A emprensa Contruservice Empreendimentos e Construções Ltda., registrada na Junta Comercial do Estado do Maranhão, tem como sócio-proprietário Rodrigo Gomes Casanova Júnior e foi contratada para a execução dos serviços de reconstrução e restauração da pavimentação asfáltica das regiões norte, leste, oeste, noroeste, sudoeste e centro do município de Goiânia. O valor total do serviço é de R$ 173.835.290,16.
A Engefort Construtora e Empreendimentos Ltda., responsável pela reconstrução da pavimentação asfáltica dos bairros da região sul, também é do Maranhão e conta com a assinatura no contrato do sócio-proprietário Antônio Carlos Del Castilho. O valor do documento é de R$ 71.616.496,22. O orçamento inclui a supervisão e sinalização das vias.
Há suspeita de que as empresas contratadas tenham relação com o crime organizado. Em 2015, a Operação Imperador, da Polícia Civil do Maranhão, investigou o envolvimento de gestores públicos com esquemas de agiotagem para fraudar licitações na cidade. Segundo o vereador Santana Gomes, essas empresas que hoje têm relação com Goiânia foram investigadas na operação.
A atual gestão aponta que, dos quase 7,5 milhões de metros quadrados contratados, já foram feitos 2,5 milhões pela gestão anterior e a atual vai fazer os restantes 5 milhões. O programa deve chegar a todos os 110 bairros já listados. Após a conclusão desta etapa, a Prefeitura já planeja a próxima etapa, que deverá alcançar cerca de 800 quilômetros de novas vias revitalizadas.
O Jornal Opção procurou ouvir a versão dos responsáveis pelas empresas citadas na reportagem, mas conseguiu falar com responsáveis. O espaço permanece aberto para suas explicações.
Situação política
Nos bastidores, há a informação de que a crise que causou o desembarque do MDB da gestão do Republicanos no Paço tem relação direta com a investigação dos contratos para reconstrução da pavimentação asfáltica da cidade.
O ex-deputado federal, Luiz Bittencourt (MDB), à época titular da Seinfra, pediu exoneração do cargo após publicação de decretos assinados por Rogério Cruz que garantiram maior autonomia à Secretaria de Governo, concentrando a decisão de contratos e licitações sob a responsabilidade do chefe da pasta, Arthur Bernardes. Obviamente a suspensão dos contratos de reconstrução e recuperação asfáltica também causou desgaste.

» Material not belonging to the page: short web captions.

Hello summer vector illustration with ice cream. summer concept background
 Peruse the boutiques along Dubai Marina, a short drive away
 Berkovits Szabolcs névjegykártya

Luiz Bittencourt é do grupo político do presidente estadual do partido, Daniel Vilela. Consagrou o espaço na gestão de Rogério Cruz, juntamente com um grupo político também próximo ao ex-prefeito Iris Rezende. “A saída de Bittencourt anunciou o golpe. Talvez Iris nem saiba o que ocorreu. Mas os fatos e a assinatura dos contratos de licitação foram feitos em seu governo”, afirmou uma fonte à reportagem.